Dans cette vidéo, un jihadiste qui s'identifie comme Abou Mouqatel a revendiqué l'assassinat de Chokri Belaïd et Mohamed Brahmi. - al-Itisaam Media Foundation - AFP
"Oui tyrans, c'est nous qui avons tué Chokri Belaïd et Mohamed Brahmi", dit dans la vidéo un jihadiste qui s'identifie comme Abou Mouqatel. Le ministère tunisien de l'Intérieur y a reconnu Boubaker Hakim sur son état civil, un Franco-tunisien déjà recherché. Or, précision cocasse, ce Mouqatel ou Hakim voit dans les marxistes des "tyrans" alors que les marxistes n’ont jamais dirigé la Tunisie.

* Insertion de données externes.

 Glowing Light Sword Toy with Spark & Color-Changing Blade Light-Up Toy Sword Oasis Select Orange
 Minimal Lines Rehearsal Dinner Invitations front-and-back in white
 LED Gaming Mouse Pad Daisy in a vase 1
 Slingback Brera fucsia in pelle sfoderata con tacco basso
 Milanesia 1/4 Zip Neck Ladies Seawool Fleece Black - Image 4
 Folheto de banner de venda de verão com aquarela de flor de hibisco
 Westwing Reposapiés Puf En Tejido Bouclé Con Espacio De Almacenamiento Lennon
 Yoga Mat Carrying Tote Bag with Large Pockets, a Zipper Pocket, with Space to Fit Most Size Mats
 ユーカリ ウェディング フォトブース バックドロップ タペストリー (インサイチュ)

Bien au contraire, ils ont fait l’objet de sévères contrôles et même de vagues de répression sous le régime de Bourguiba (1956-1987) puis de Ben Ali, renversé en 2011.
A Paris, des spécialistes ont d’ailleurs discouru ce mercredi du sujet du terrorisme, à quelques jour du scrutin en Tunisie. Dans une salle de l’Assemblée nationale, ils ont rappelé que le terrorisme était pratiquement le problème national numéro 1 dans ce pays, ex-aequo avec le chômage. Parfois même, le terrorisme islamiste passait devant le chômage dans la vision de la demi-douzaine de Tunisiens invités à s'exprimer!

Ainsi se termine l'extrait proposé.